There was good news and not so good news on the U.S. budget deficit front Wednesday - the good news: the U.S. Government reported a lower-than-expected $129.4 billion deficit for July, the U.S. Treasury Department announced Wednesday.
It was the fourth, consecutive monthly decline in the deficit compared to a year ago. Economists surveyed by Bloomberg News had expected the federal government to run a $133 billion deficit in July.
What's more, the July 2011 deficit is $35.6 billion lower than the $165 billion deficit total recorded a year ago, in July 2010.
The bad news? The deficit for July 2011 is just $7 billion less than July 2010 after excluding one-time factors that skewed the July 2010 total higher.
Has the Deficit Started to Downtrend?
Equally significant, the year-to-date deficit -- 10 months of the fiscal year -- now totals about $1.1 trillion, or about a six percent decline from the 10-month period in fiscal 2010. The Congressional Budget Office (CBO) expects the current year's deficit, fiscal 2011, to total $1.48 trillion.
CBO also sees the deficit declining to $1.1 trillion in 2012 and $704 billion in 2013.

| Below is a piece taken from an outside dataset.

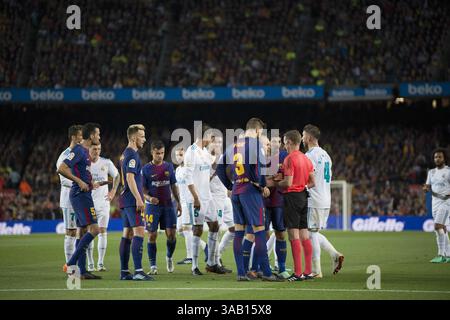 6 mai 2018 - Barcelone, Barcelone, Espagne - les joueurs du FC Barcelone se disputent avec l'arbitre à propos du carton rouge de SERGI ROBERTOâ€™ lors du match de football de la Liga entre le FC Barcelone et le Real Madrid CF. (Crédit image : © Patricia Rodrigues/via ZUMA Wire via ZUMA Wire) Banque D'Images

In July, the federal government collected about $159 billion in revenue, known as receipts, and spent about $288.4 billion, known as outlays.
Fiscal/Economic Analysis: The lower July budget deficit is an encouraging data point, but no one should be deluded: Congress, and in specific the new "super committee," needs to keep its eye on the ball. The nation has little chance for substantive, enduring deficit reduction if the two parties do not work together.
As the above suggests, what's needed now is for a super committee that believes program sacrifices should be equal, and that also wants to address the revenue side of the ledger -- either through tax reform, or via an increase in marginal tax rates.